I took part in the first three of these marches, which each took three days of gentle marching through the countryside, in the company of many thousands of other peaceniks and were actually very enjoyable to be honest. Lots of friendly people, lots of singing, happy songs, as well as the sort of dismal dirges more normally associated with such demonstrations of people’s will.
And it was quite fun marching in the company of such people as Bertrand Russell and Michael Foot as well.
Lady in Waiting to Queen Victoria and mountaineer:
A short diversion here, My maternal Grandmother who had been a member of the Communist party since about 1895 – at which time she was a Lady in Waiting to Queen Victoria – and who was a splendidly eccentric woman, once went on holiday to Crete with Bertrand Russell and together they both made the first recorded ascent of a large mountain there, which the locals renamed Mount Lilly in honour of my splendid Grandmother. So if you happen to visit Crete, check out Mount Lilly and think of Lily and Bertrand clambering up to the top of it – as unlikely as that sounds!
Back to the marching now:
On the third march, I was asked to help out with the organisation of it all – not as a serious planner, but as one of the crew who set up and looked after the portable toilets we used at each overnighting site – Oh the honour! The recognition!
So instead of walking all the way, I went in comparative luxury in a truck, and set up those dunnies each day… and then of course, the following morning, emptied them, dismantled them and set off to the next stopping point. It made a change from foot slogging all the way, and funnily enough I rather enjoyed being part of the organisation, no matter how humble my task happened to be.
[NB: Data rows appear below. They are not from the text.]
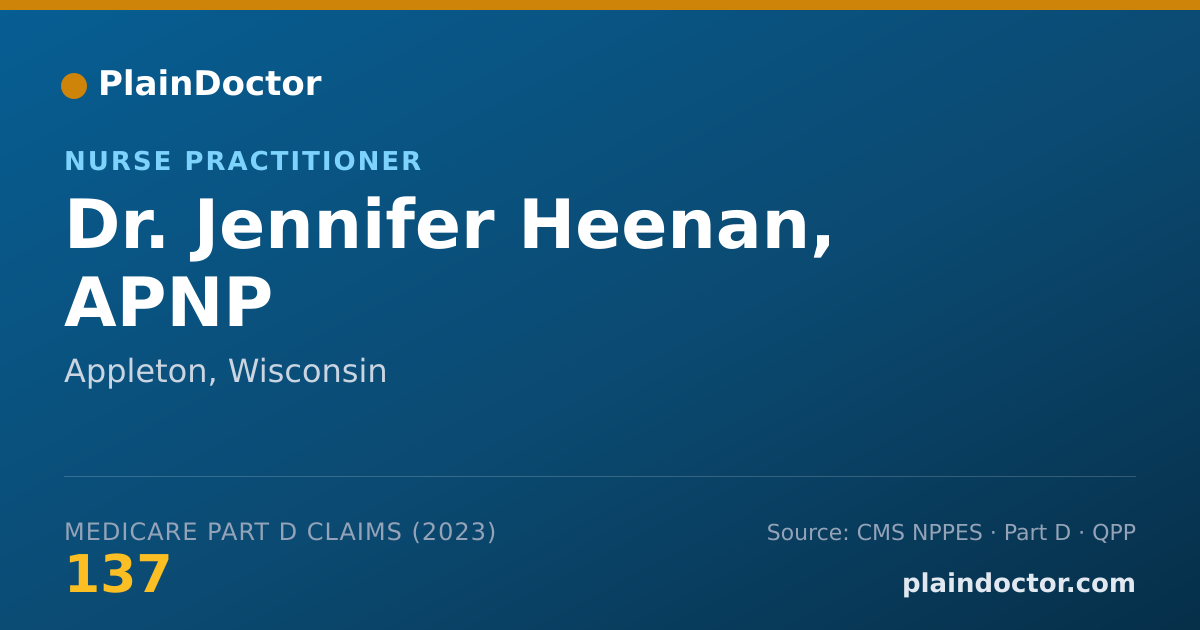Shareable card for Jennifer Heenan, APNP - Nurse Practitioner, Appleton, WI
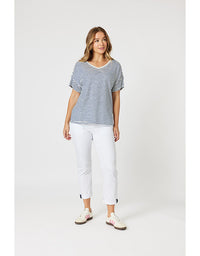 Tyla Stripe Tee Indigo/White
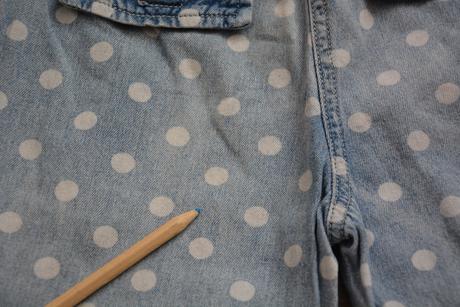 Džínové 3/4 kalhoty s puntíky, next,116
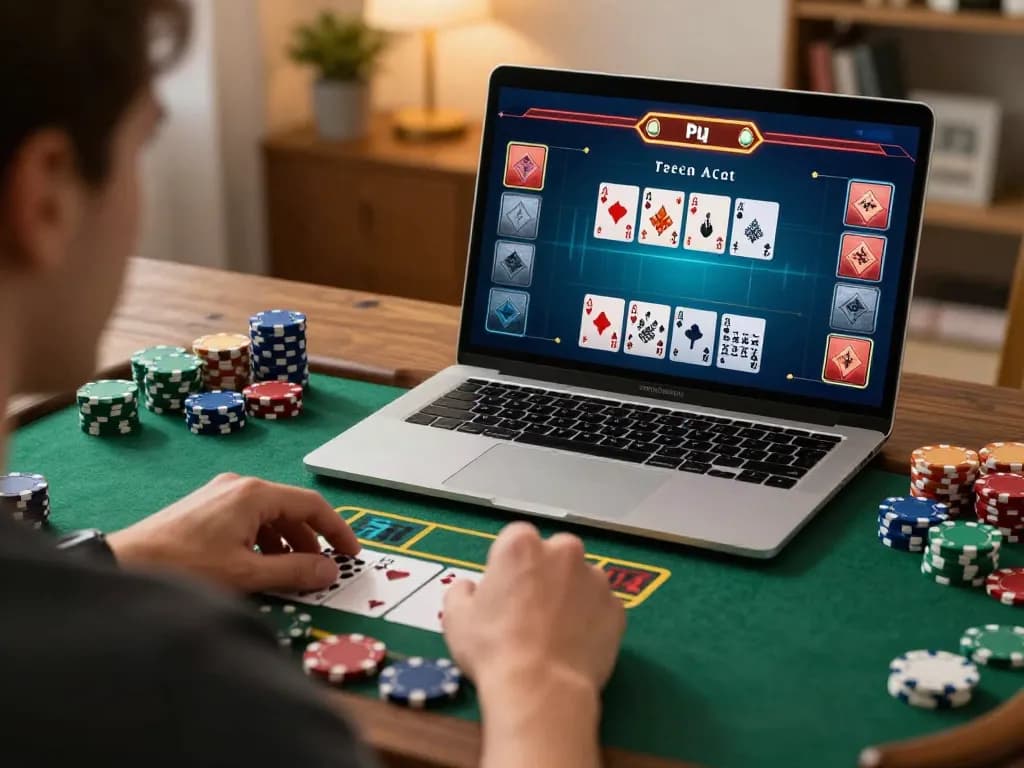 man88a player placing strategic bets during an exciting online blackjack game on a laptop.
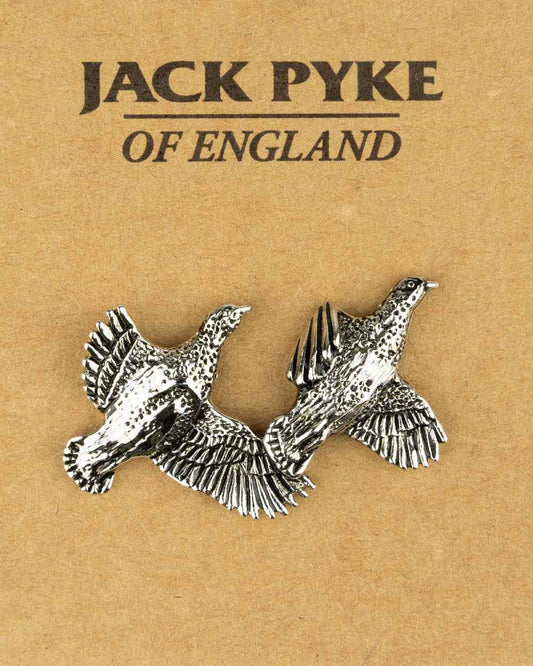 Brace Of Partridge styled Jack Pyke Pin Badge on white background #style_brace-of-partridge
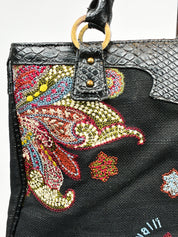 Just Cavalli 2000s Black Beaded Paisley Tote Bag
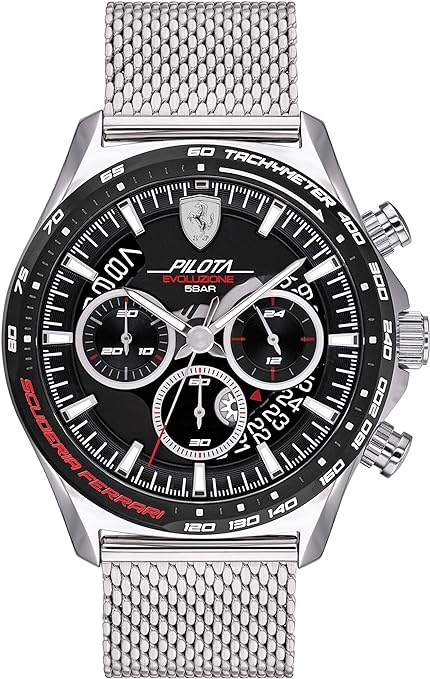 Ferrari Scuderia Pilota EVO Men's Quartz Chrono Stainless Steel and Mesh Bracelet Casual Watch, Color: Silver (Model: 0830826)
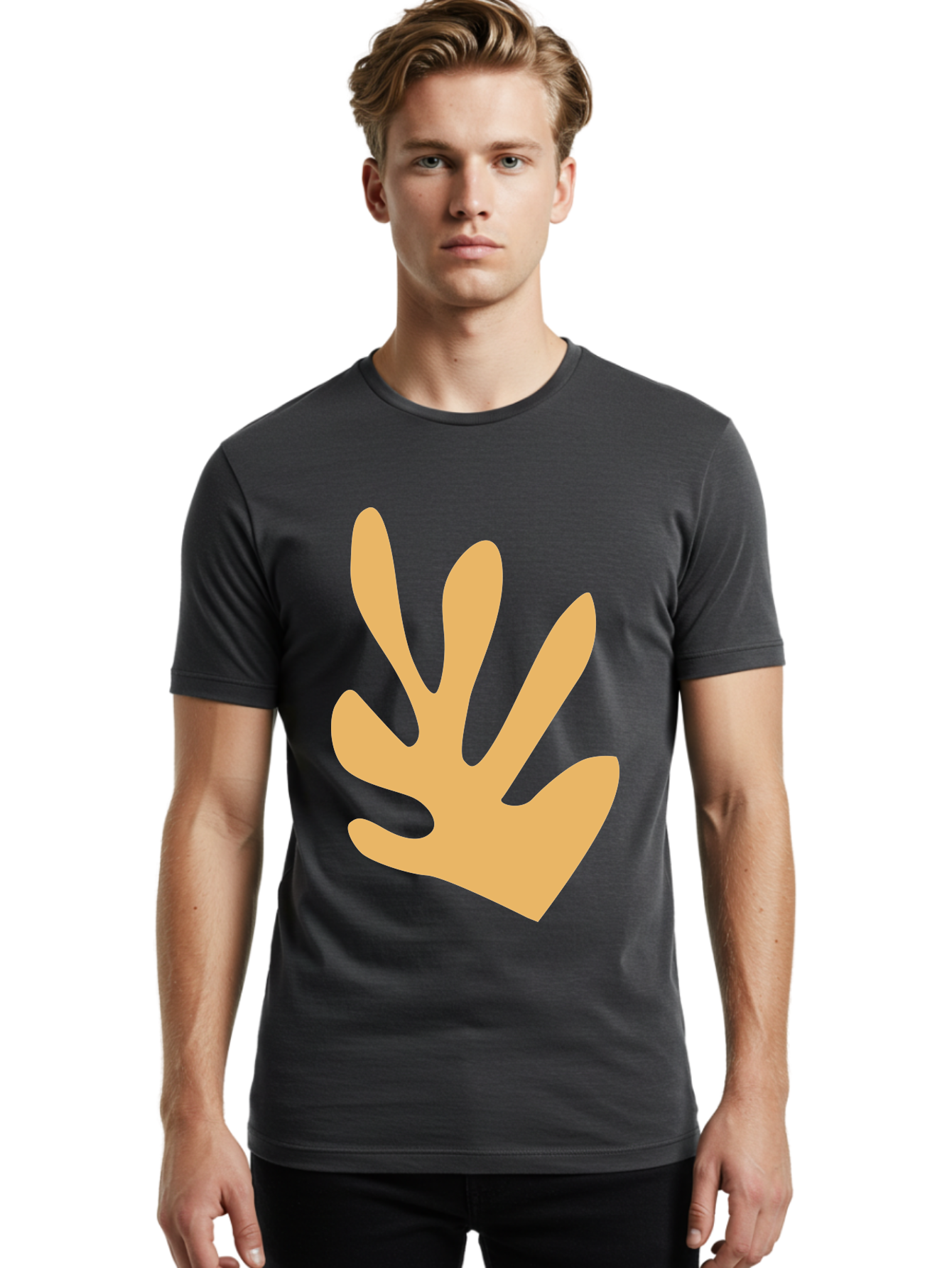 Handprint Men'S Graphic Tee, 100% Cotton, Comfortable Casual Summer Wear, Machine Washable, Handprint, Peach Colored Hand, Simple Illustration, Minimalist Design, Children'S Art, Creative Expression, Hand Gesture Aab621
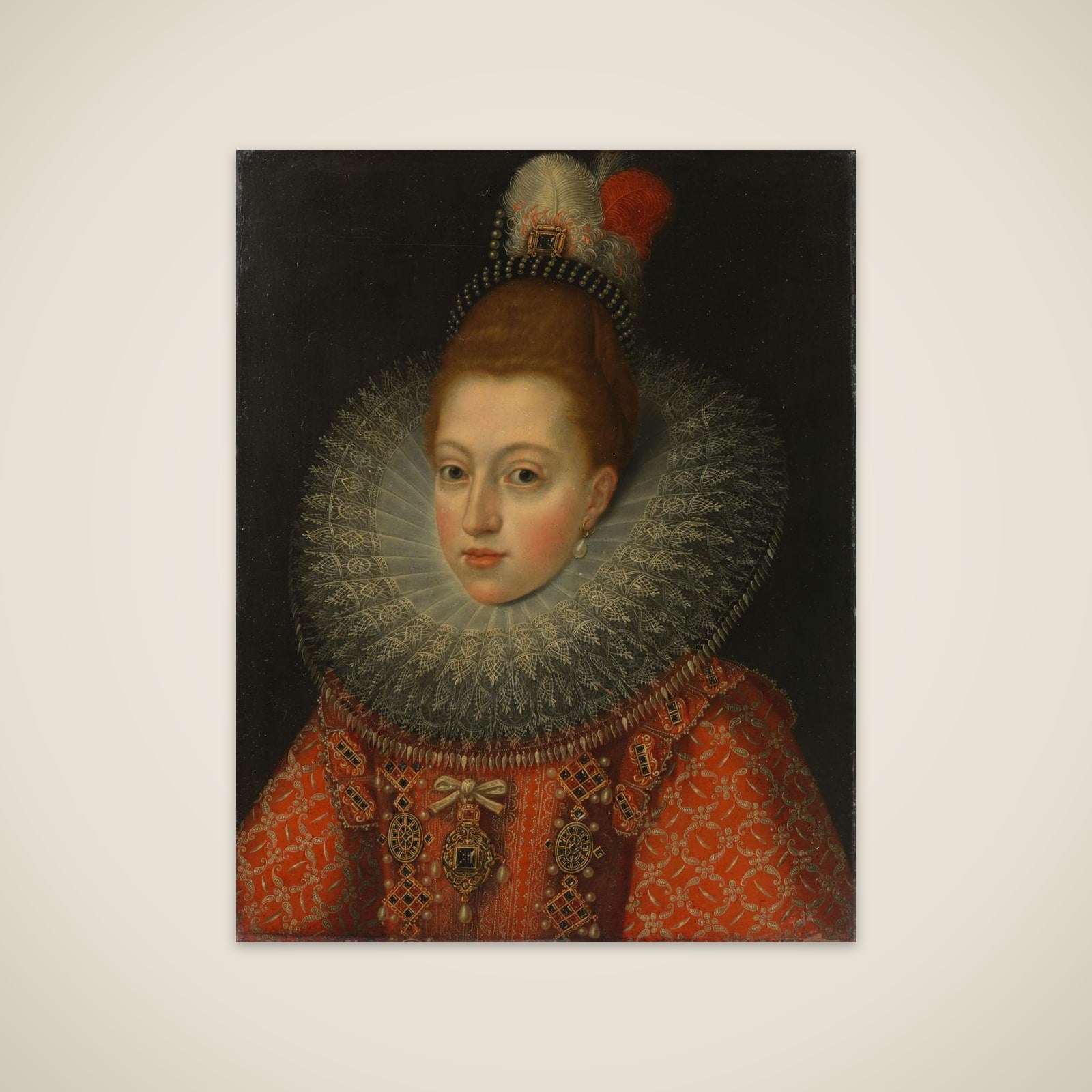Portrait of Margaret of Austria (1584-1611), Queen of Spain unframed print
I become a true resistance hero…
Inevitably my involvement in CND brought me into contact with some rather more active individuals, who felt strongly that whilst the marches and their attendant demonstrations were worth doing, more was needed to spread the good word. So at a certain point I was approached by a couple of guys who had a moderately powerful radio transmitter at their disposal – I never actually discovered who was behind them, but I formed the opinion it was the British Communist Party.
Anyhow, they asked me if I could get my hands on some sort of a van, and would be prepared to help them make illegal radio broadcasts from the van as I drove it around to avoid being located and caught by the cops.
This rather appealed to me, so I casually asked Russ (my dad) if I could borrow his Bedford Dormobile occasionally, to which he agreed, being a nice bloke. So I duly found myself driving around various London suburbs late at night, while the two guys sat in the back and broadcast prepared tapes on the TV channel (In those days TV stopped broadcasting at about 11 pm).
Obviously I never actually heard what we were broadcasting, but they assured me it was messages about banning nuclear weapons. Not that I can imagine anyone ever listened to whatever it was we were broadcasting to be honest.
But I felt like a real resistance worker doing this.
Share with us:
Were you involved in the early days of CND or the Committee of 100? If so, do write about your memories of those far off days….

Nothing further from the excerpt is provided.